Enterrée! La semaine dernière, le Conseil des Etats a suivi sa commission et classé, sans même en débattre, l’initiative parlementaire de l’ancienne sénatrice Karin Keller-Sutter, devenue conseillère fédérale. En décidant d’enterrer cette proposition, la Chambre haute «reconnaît que les projets de déréglementation de grande ampleur de la Loi sur le travail sont inappropriés et se heurtent à une vaste résistance de la part des syndicats, des médecins du travail ainsi que des cantons», note l’Alliance contre le stress et le travail gratis dans un communiqué. Cette vaste alliance regroupe les faîtières syndicales (Union syndicale suisse et Travail.Suisse), les syndicats Unia, Syndicom, SSP et Syna, l’Association des employés de banque, ainsi que la Société suisse de médecine du travail, la Fédération suisse des associations professionnelles du domaine de la santé, l’Association suisse des médecins-assistants et chefs de clinique. Ensemble, ils se sont mobilisés depuis des mois contre cet objet parlementaire dont l’objectif était de supprimer, pour de nombreux salariés (environ 26% auraient été touchés), l’obligation d’enregistrer le temps de travail. Un outil protégeant des durées de labeur excessives et du travail gratuit. 

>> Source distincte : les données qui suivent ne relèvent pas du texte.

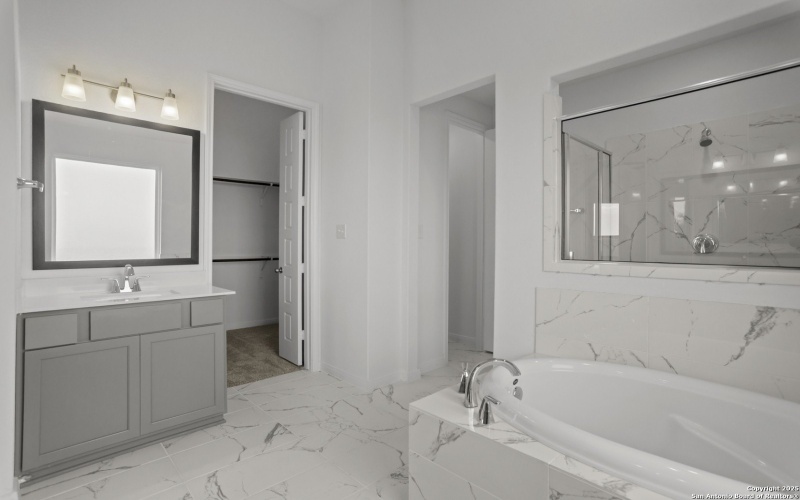 2852 Reeves Lane, Schertz, TX 78108, 4 Habitaciones Habitaciones , ,2 BañosBaños,Residential,En Venta,2852 Reeves Lane,0,1878026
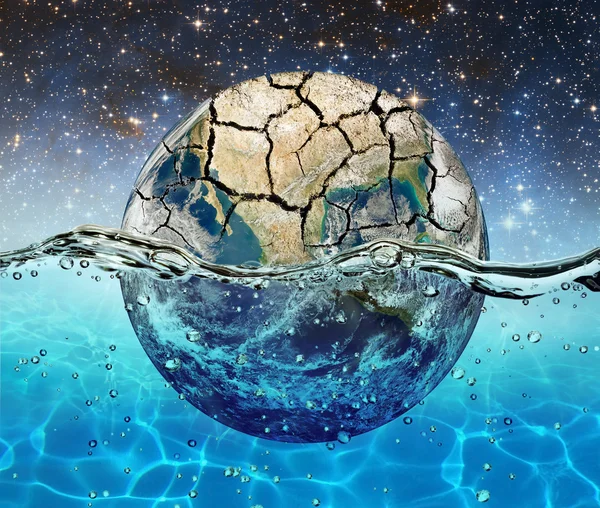 Planet Erde versinkt im Wasser auf dem Hintergrund des Sternenhimmels — Stockfoto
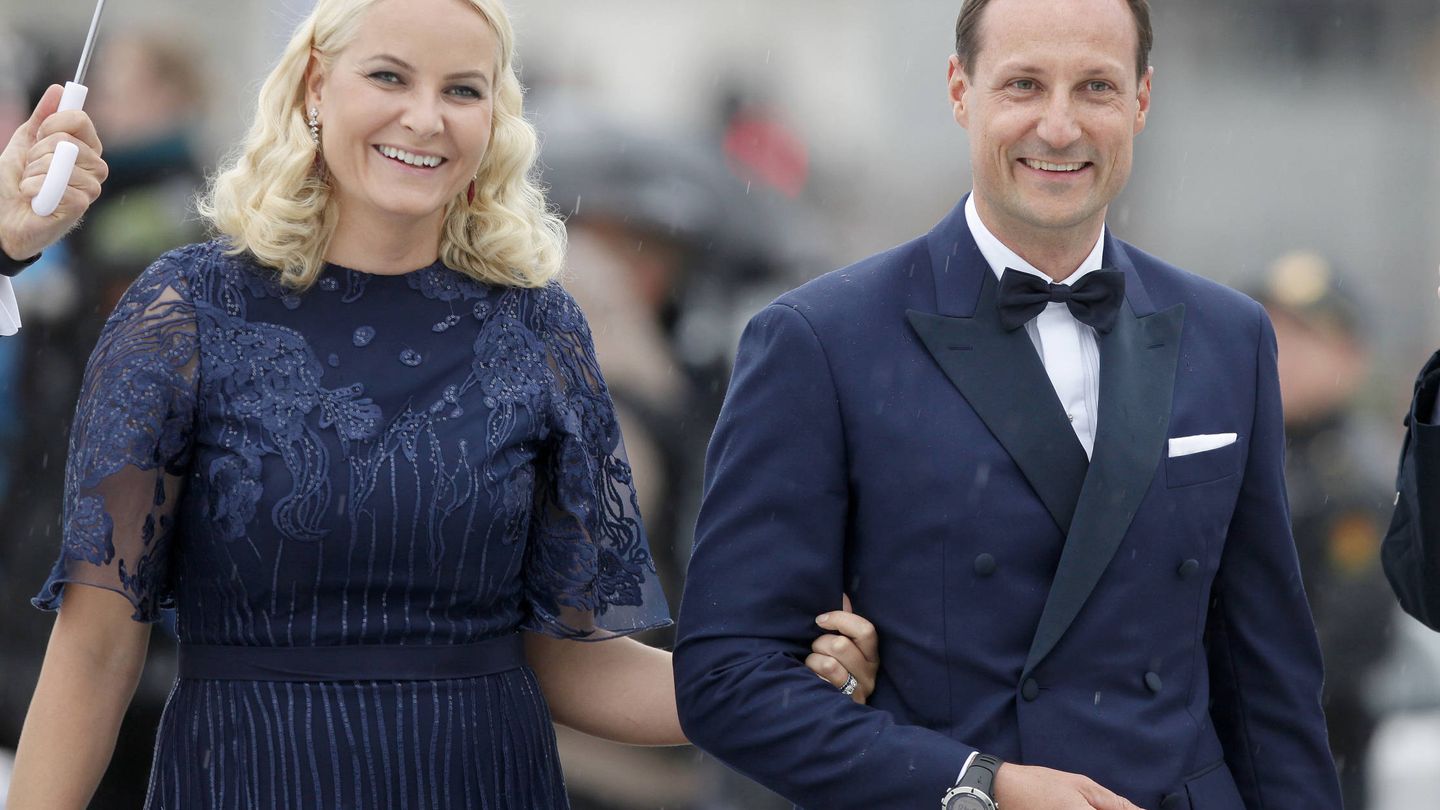 Con su marido, Haakon de Noruega, en la celebración del 80 cumpleaños del rey Harald. (Gtres)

Cette victoire ne reste toutefois qu’une étape face aux velléités de démantèlement de la Loi sur le travail par la droite bourgeoise qui souhaite alléger les protections des travailleurs. Une autre initiative est toujours en attente de traitement, celle du conseiller aux Etats Konrad Graber qui prévoit de flexibiliser le temps de travail, notamment avec une annualisation de sa durée, des semaines pouvant aller jusqu’à 67 heures, et un assouplissement de l’interdiction du travail du dimanche. Face à la hausse constante des pressions dans le monde professionnel et des cas de burn out, l’Alliance contre le stress et le travail gratis demande instamment au Conseil des Etats de faire subir le même sort à cette seconde initiative et de l’enterrer elle aussi.